Record set>
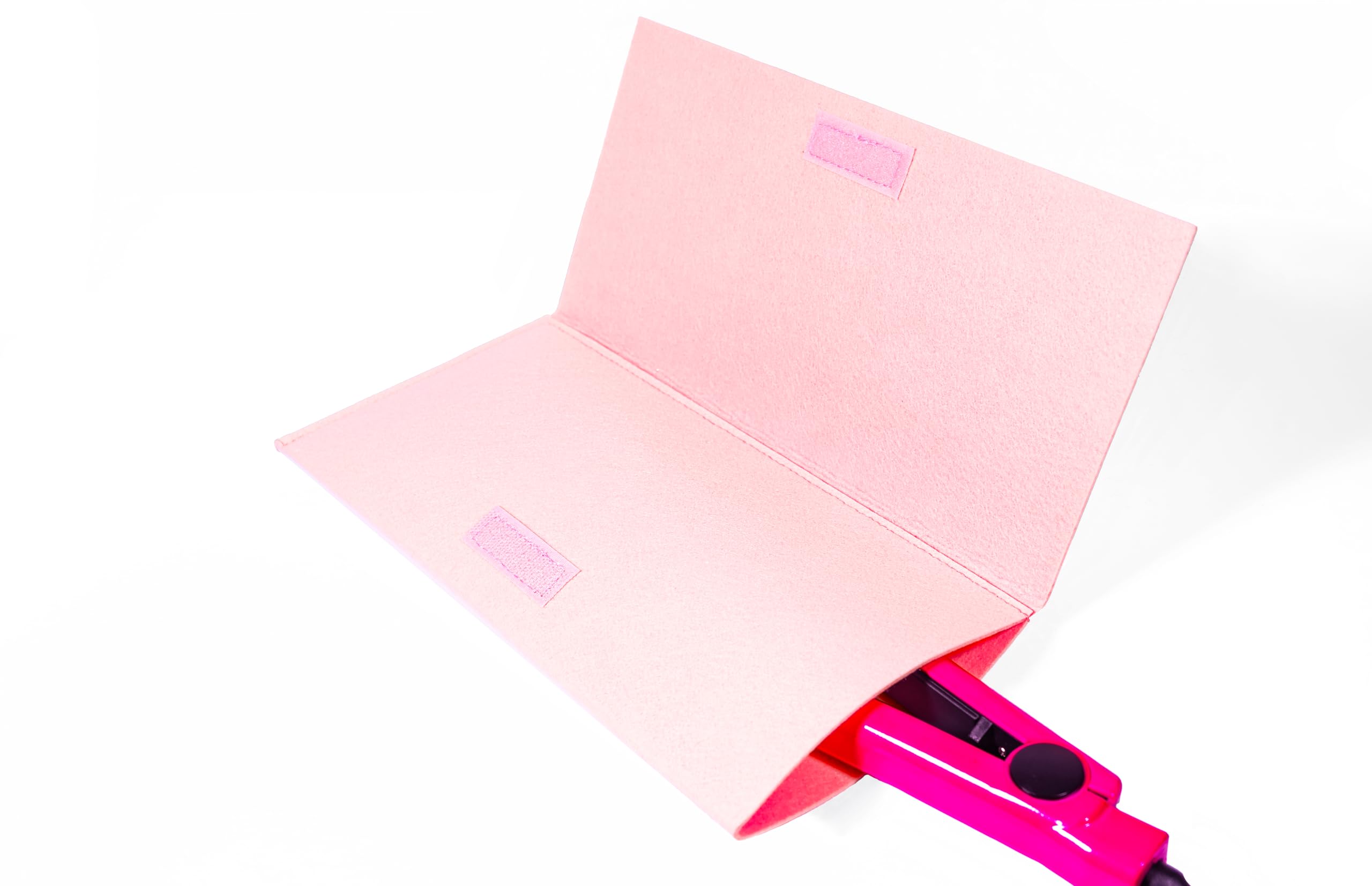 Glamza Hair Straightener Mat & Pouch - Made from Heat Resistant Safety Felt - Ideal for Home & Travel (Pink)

==

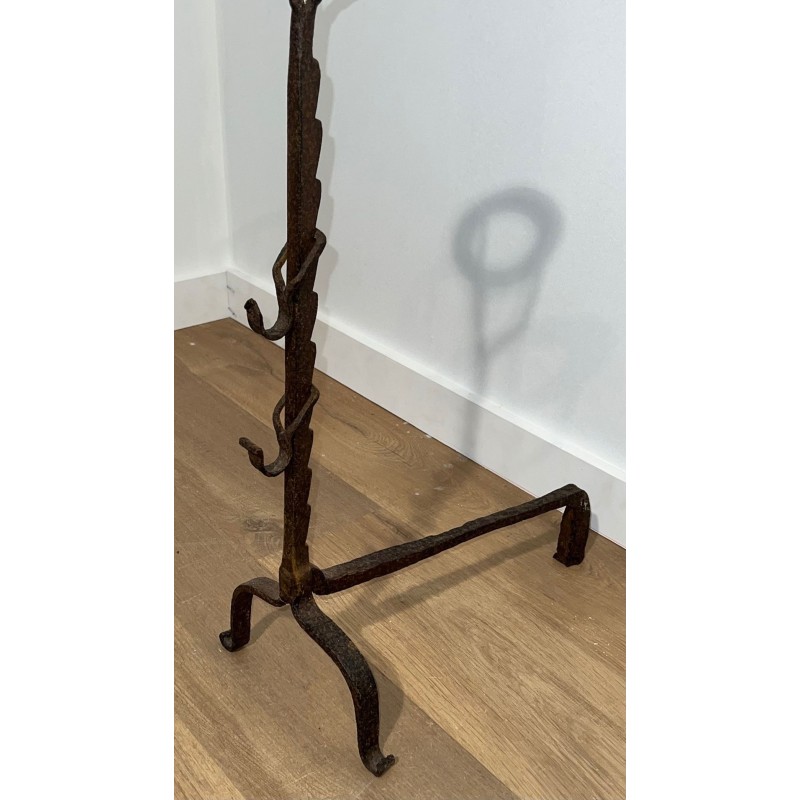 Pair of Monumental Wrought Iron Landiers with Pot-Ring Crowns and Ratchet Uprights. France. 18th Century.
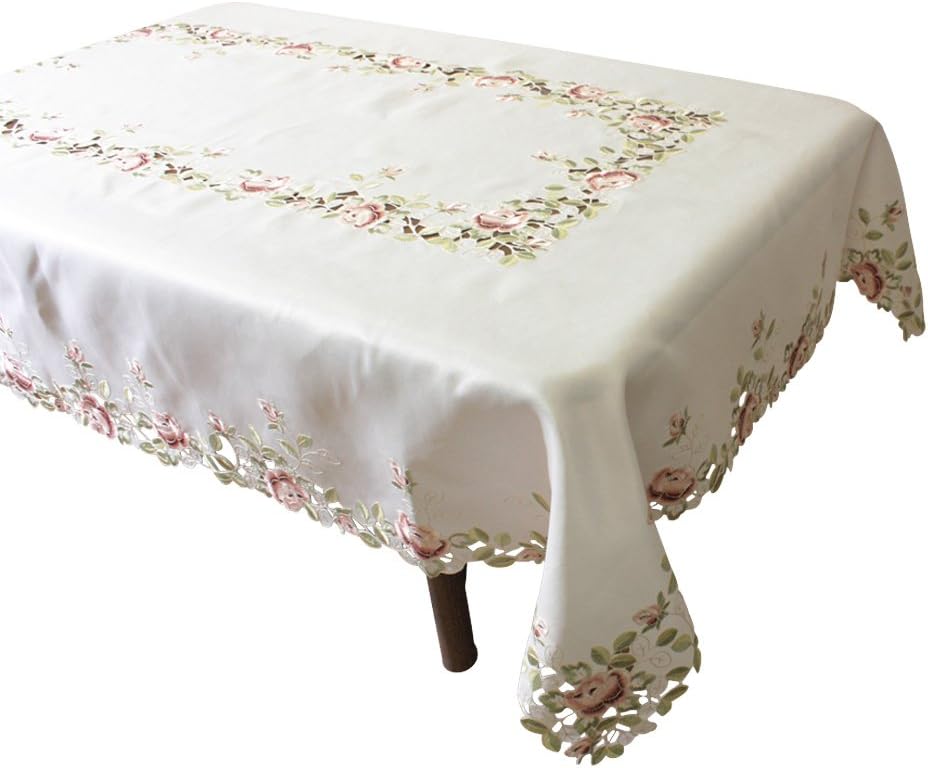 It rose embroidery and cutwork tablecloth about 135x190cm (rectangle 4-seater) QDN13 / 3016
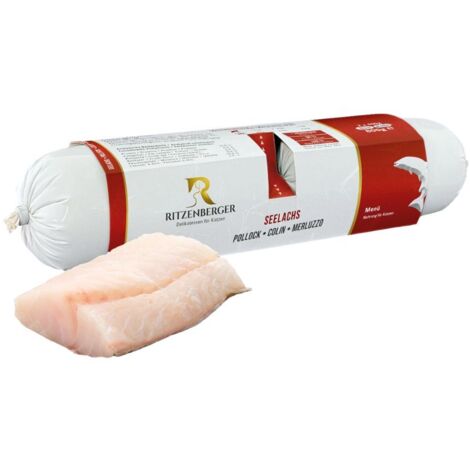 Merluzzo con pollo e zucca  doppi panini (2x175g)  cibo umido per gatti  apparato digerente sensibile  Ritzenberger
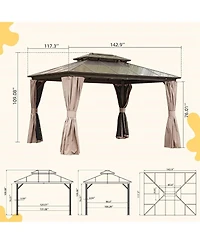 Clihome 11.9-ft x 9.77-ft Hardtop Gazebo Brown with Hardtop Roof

Aim of the exercise>
Taking the entries above, copy word for word the lines from the one with "It rose embroidery" up to and including the one with "Clihome 11.9-ft x", without any picture.

Answer to the exercise>
 It rose embroidery and cutwork tablecloth about 135x190cm (rectangle 4-seater) QDN13 / 3016
 Merluzzo con pollo e zucca  doppi panini (2x175g)  cibo umido per gatti  apparato digerente sensibile  Ritzenberger
 Clihome 11.9-ft x 9.77-ft Hardtop Gazebo Brown with Hardtop Roof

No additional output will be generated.